Rodzina i przyjaciele osób uzależnionych pokładają sporo nadziei i wiary w efekty terapii. Zwłaszcza gdy ich bliscy trafiają na nią po raz pierwszy. Pojawia się wówczas wyobrażenie o tym, że uzależniony wróci z leczenia odmieniony. Będzie dbał o rodzinę, swoją pracę i obowiązki; relacja małżeńska czy partnerska dostanie nowe życie, a sam uzależniony będzie stabilny. W swoim funkcjonowaniu na co dzień, emocjach, nastroju.
Gdy uzależniony wraca do domu po terapii…
Walka z uzależnieniem to ciągła praca
Czasami wynika to z tego, że bliscy nie mają dostatecznej wiedzy o uzależnieniu bądź tak bardzo chcieliby, aby było już „normalnie”, że zaprzeczają temu, że dochodzenie do siebie nie jest usłane różami. Bo tak łatwiej jest wierzyć w to, że może być lepiej. Niestety choroba ta rządzi się swoimi prawami i sprawia, że rzeczywistość z trzeźwym uzależnionym to nie bajka.
Nie będzie lekko
Chorobie tej bowiem towarzyszą głody alkoholowe, narkotykowe itd., które są jej nieodłącznym elementem. To znaczy, że trzeźwienie alkoholika czy narkomana może być wypełnione dniami, w których to chodzi rozdrażniony, odpowiada opryskliwie i zamyka się w sobie. To sygnał, że organizm domaga się substancji psychoaktywnej.

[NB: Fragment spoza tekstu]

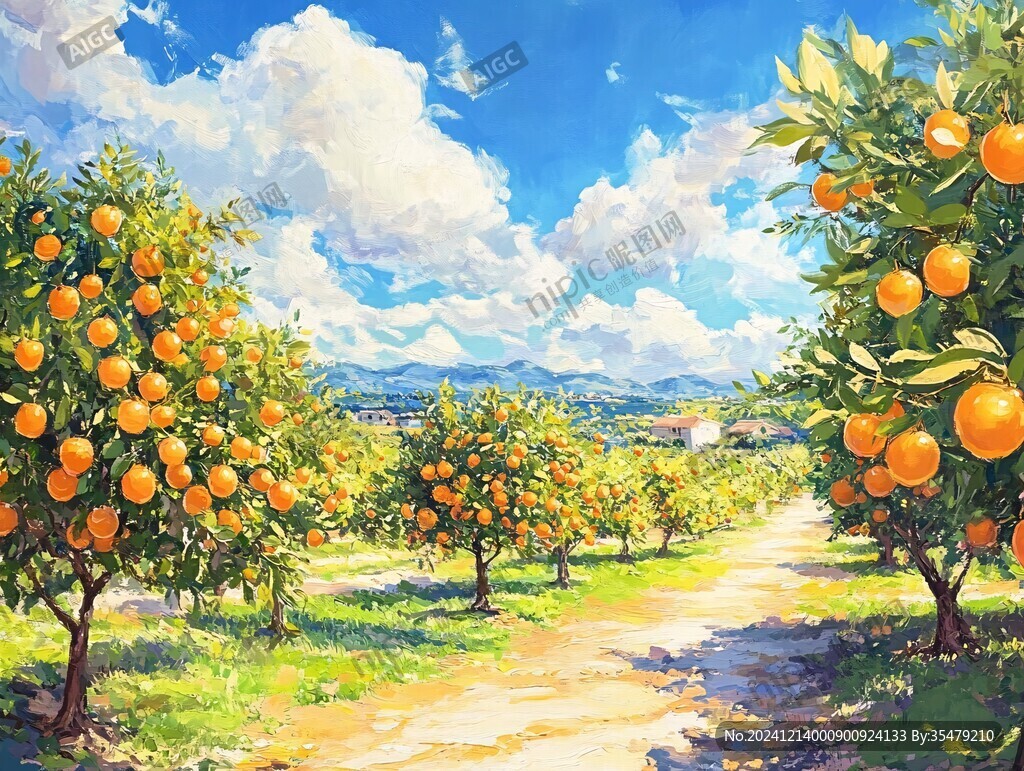 果園插畫田園風(fēng)光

Zbuduj swoja rodzinę na nowo
Ponadto cała rodzina musi nauczyć się żyć ze sobą na nowo. Podczas lat zażywania wiele obowiązków i zadań rodzinnych spłynęło na nieuzależnionych członków rodziny. Często mogło być to bardzo uciążliwe dla bliskich, jednak dostosowanie się do życia z osobą z nałogiem sprawia, że każdy z członków rodziny ma swoje nowe przyzwyczajenia. Przyzwyczajenia, które powodują, że rodzina nadal „działa” i się nie rozpadła. Wobec tego ułożenie na nowo systemu działania dla wszystkich jest nie lada wyzwaniem.
Alkoholizm to choroba uczuć, czyli o mechanizmie nałogowej regulacji uczuć
Czas pokaże, co dalej
Rodzina, pomimo różnych wyobrażeń, które ma o tym, jak będzie wyglądało życie w momencie powrotu uzależnionego do domu, szybko urealnia się w nowej sytuacji. Towarzyszy temu nierzadko rozczarowanie. A choroba jest na tyle trudna, że rzadziej aniżeli częściej ludzie utrzymują swoją trzeźwość.